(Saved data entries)
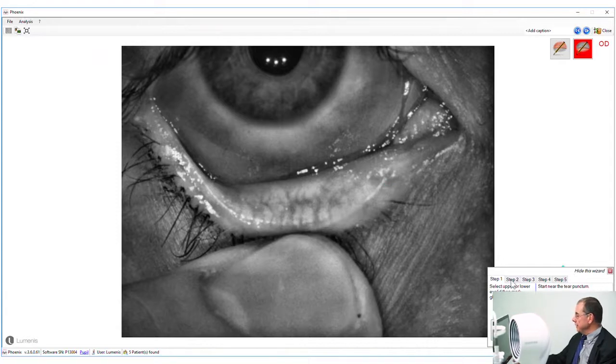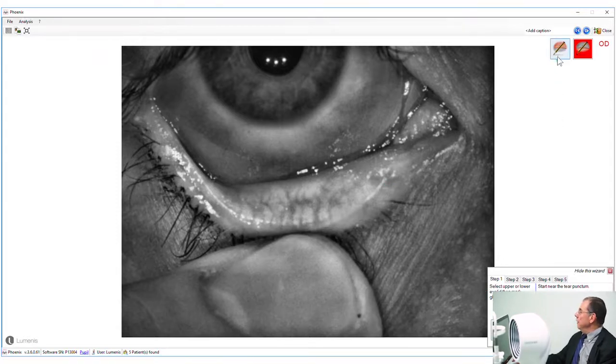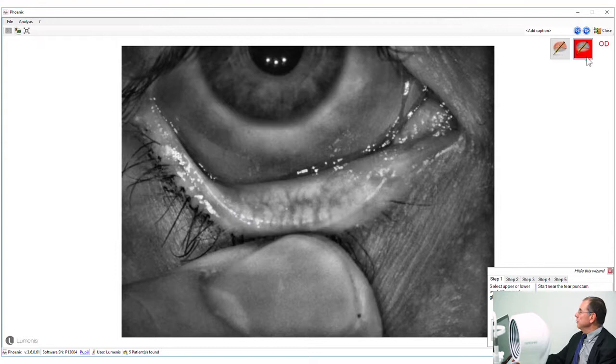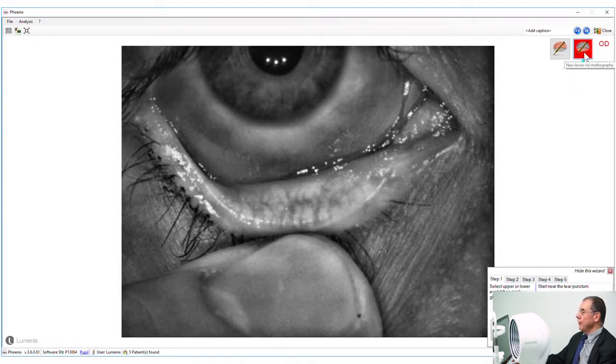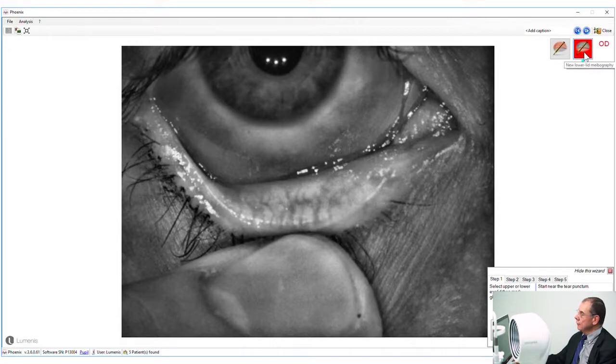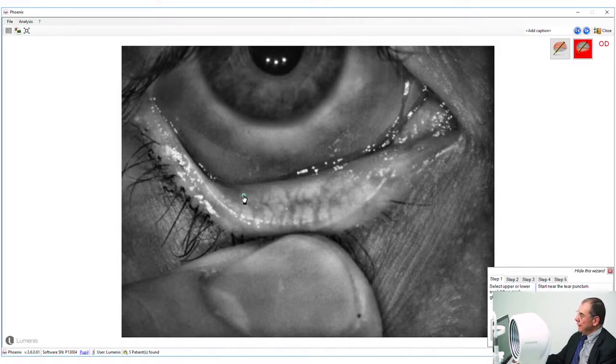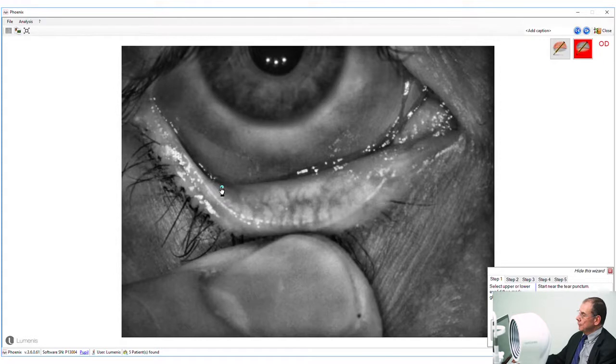The first step we choose whether we are doing a lower lid or an upper lid, so automatically it defaults to the lower lid. We then have the mouse with a little blue dot and what we're going to try and do is put it into the four corners where we can see the meibomian glands. It's pretty easy to do.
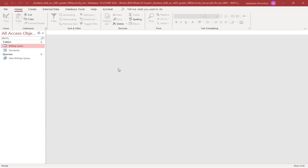There are three parts to this assignment. There are the instructions, which you should print out and which are in MS Word. There's the Access database file which we are going to modify and make changes to. And lastly there should be an image — a logo — that we're going to have to insert in one of our steps. Make sure you have the right files and we can go from there.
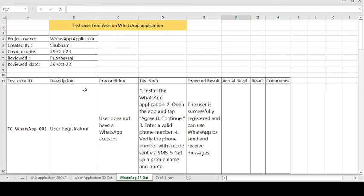So that's how I have created the test case template format for the WhatsApp application. Such test case template formats for different domains — like banking domain, telecom domain, e-commerce, and healthcare domain — and multiple domain test case template related automation testing and manual testing videos are available on this channel. Please like the video, subscribe, and hit the bell icon so you get notified of upcoming automation testing and manual testing videos. Thank you guys, have a good day.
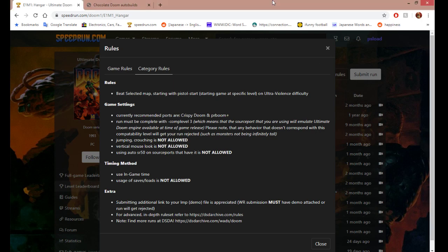Alright, hello. In this video today I'm going to be showing you how to set up Doom so that you can start speedrunning.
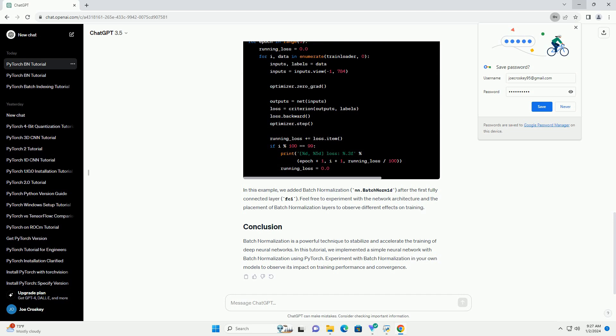In this example, we added batch normalization, nn.BatchNorm1d, after the first fully connected layer, fc1. Feel free to experiment with the network architecture and the placement of batch normalization layers to observe different effects on training.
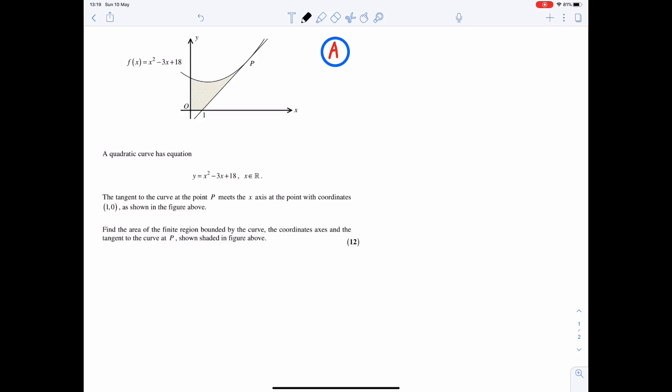Pause the video, have a go at the question, and then play the video. I'm going to start off by labelling the shaded area R. For this question, we are given the equation of the curve, but we are not given the equation of the line. So I'm going to start off by finding the equation of the line — that's my target.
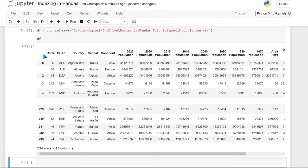It doesn't even necessarily have to be a unique number. You can create or add an index yourself if you want to, and it doesn't have to be unique, but it really should be unique, especially if you want to use it appropriately. For what we're doing, the country is actually going to be a pretty great index because every single row is a different country.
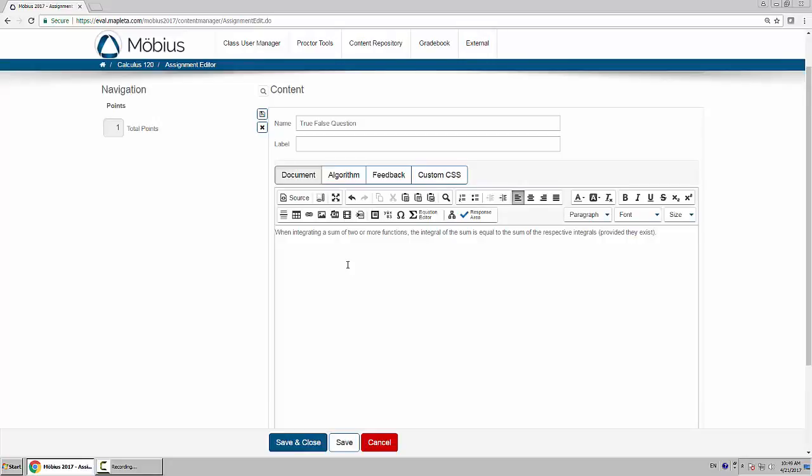When integrating a sum of two or more functions, the integral of the sum is equal to the sum of the respective integrals, provided they exist.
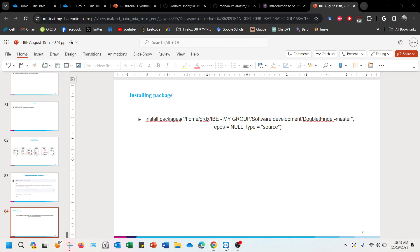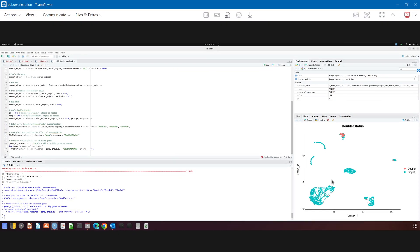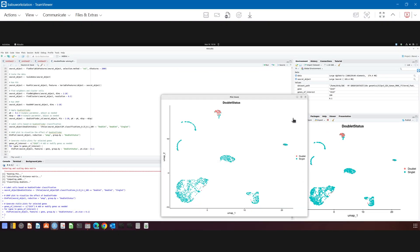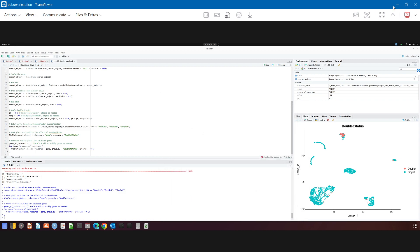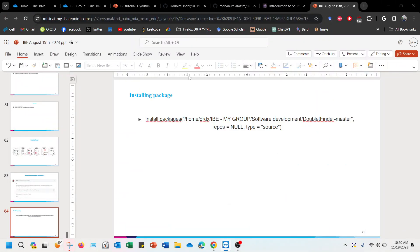And that will be able to identify the doublets and singlets within your sample, and that should resolve the problem. I hope this helps you. If you have any other issues, please let me know. Until then, thank you.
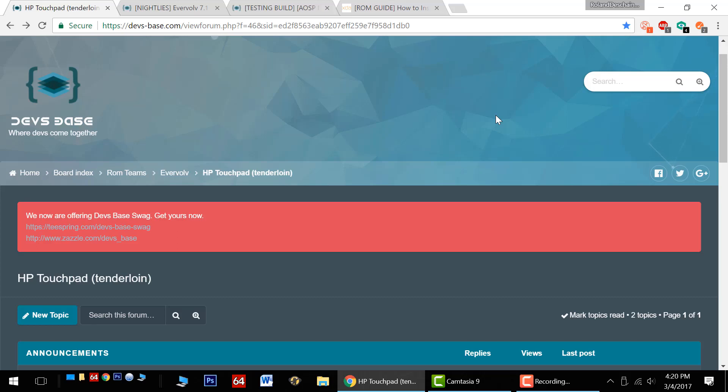Hello HP Touchpad users, great news! Today I'm going to give you a little news and updates for Evervolve with the Nougat ROM on the HP Touchpad.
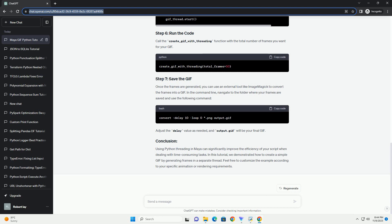In this tutorial, we demonstrated how to create a simple GIF by generating frames in a separate thread. Feel free to customize the example according to your specific animation or rendering requirements.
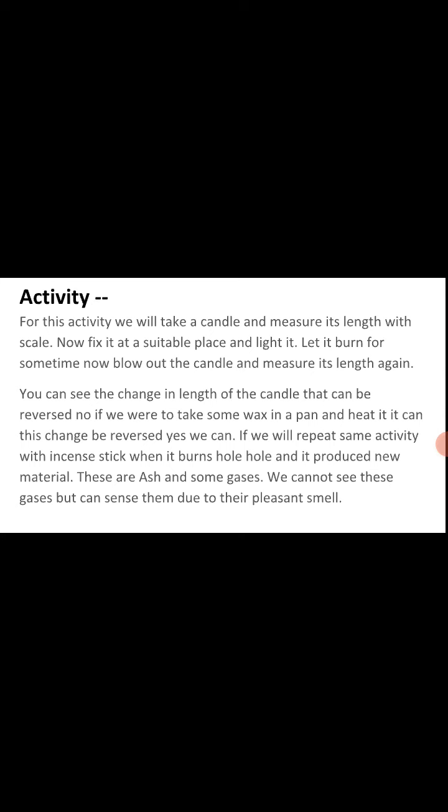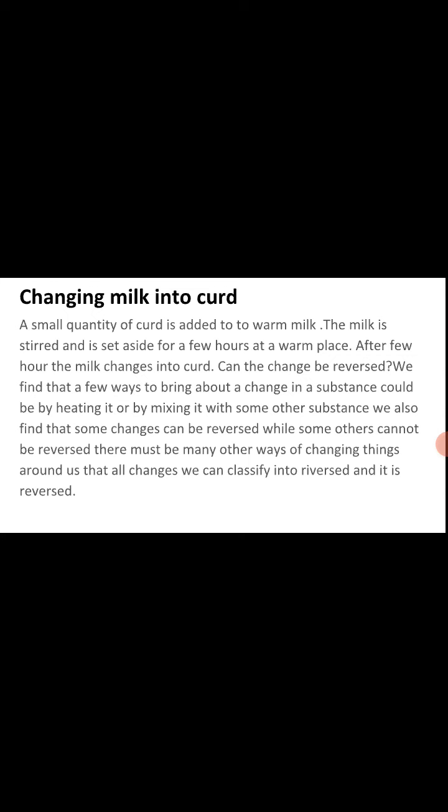After that, can we reverse that change? Can we get that length back again? No, it cannot be reversed. But if we take wax in a pan and heat it, it will melt after some time, and if we cool it, it will again become solid. So this change can be reversed. Some changes can be reversed and some cannot. Changes that can be reversed are called reversible changes, and those that cannot are called irreversible changes.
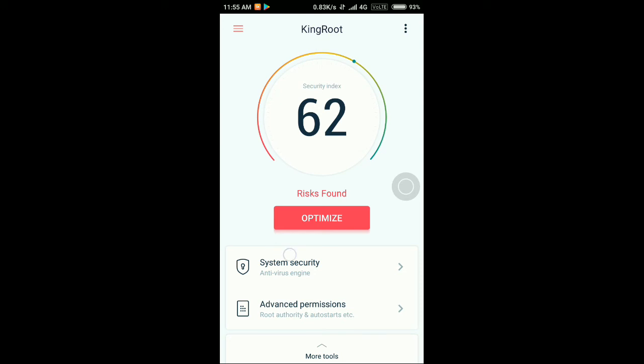Once you click the optimize button, it will automatically root your device within a minute or you can say within seconds. So just install it from the description and just try it out. If you liked my video, please subscribe my channel and thanks for watching.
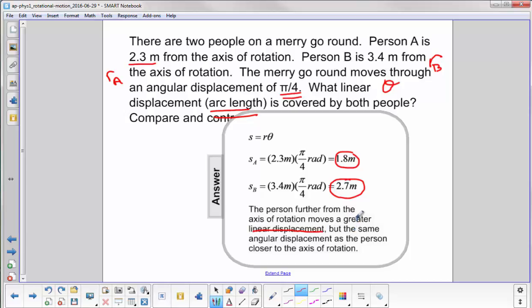When we compare and contrast: the person moving further from the axis of rotation moves a greater linear displacement — that's the contrast. The comparison is that they both have the same angular displacement. The person closer to the axis and the person further from the axis both move through an angular displacement of pi over 4.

**Exercise:**
Go through the entries above and output them exactly, without pictures.

**Exercise solution:**
The first step we choose whether we are doing a lower lid or an upper lid, so automatically it defaults to the lower lid. We then have the mouse with a little blue dot and what we're going to try and do is put it into the four corners where we can see the meibomian glands. It's pretty easy to do.
There are three parts to this assignment. There are the instructions, which you should print out and which are in MS Word. There's the Access database file which we are going to modify and make changes to. And lastly there should be an image — a logo — that we're going to have to insert in one of our steps. Make sure you have the right files and we can go from there.
So that's how I have created the test case template format for the WhatsApp application. Such test case template formats for different domains — like banking domain, telecom domain, e-commerce, and healthcare domain — and multiple domain test case template related automation testing and manual testing videos are available on this channel. Please like the video, subscribe, and hit the bell icon so you get notified of upcoming automation testing and manual testing videos. Thank you guys, have a good day.
Alright, hello. In this video today I'm going to be showing you how to set up Doom so that you can start speedrunning.
In this example, we added batch normalization, nn.BatchNorm1d, after the first fully connected layer, fc1. Feel free to experiment with the network architecture and the placement of batch normalization layers to observe different effects on training.
Pause the video, have a go at the question, and then play the video. I'm going to start off by labelling the shaded area R. For this question, we are given the equation of the curve, but we are not given the equation of the line. So I'm going to start off by finding the equation of the line — that's my target.
It doesn't even necessarily have to be a unique number. You can create or add an index yourself if you want to, and it doesn't have to be unique, but it really should be unique, especially if you want to use it appropriately. For what we're doing, the country is actually going to be a pretty great index because every single row is a different country.
When integrating a sum of two or more functions, the integral of the sum is equal to the sum of the respective integrals, provided they exist.
And that will be able to identify the doublets and singlets within your sample, and that should resolve the problem. I hope this helps you. If you have any other issues, please let me know. Until then, thank you.
Hello HP Touchpad users, great news! Today I'm going to give you a little news and updates for Evervolve with the Nougat ROM on the HP Touchpad.
In this tutorial, we demonstrated how to create a simple GIF by generating frames in a separate thread. Feel free to customize the example according to your specific animation or rendering requirements.
After that, can we reverse that change? Can we get that length back again? No, it cannot be reversed. But if we take wax in a pan and heat it, it will melt after some time, and if we cool it, it will again become solid. So this change can be reversed. Some changes can be reversed and some cannot. Changes that can be reversed are called reversible changes, and those that cannot are called irreversible changes.
Once you click the optimize button, it will automatically root your device within a minute or you can say within seconds. So just install it from the description and just try it out. If you liked my video, please subscribe my channel and thanks for watching.
When we compare and contrast: the person moving further from the axis of rotation moves a greater linear displacement — that's the contrast. The comparison is that they both have the same angular displacement. The person closer to the axis and the person further from the axis both move through an angular displacement of pi over 4.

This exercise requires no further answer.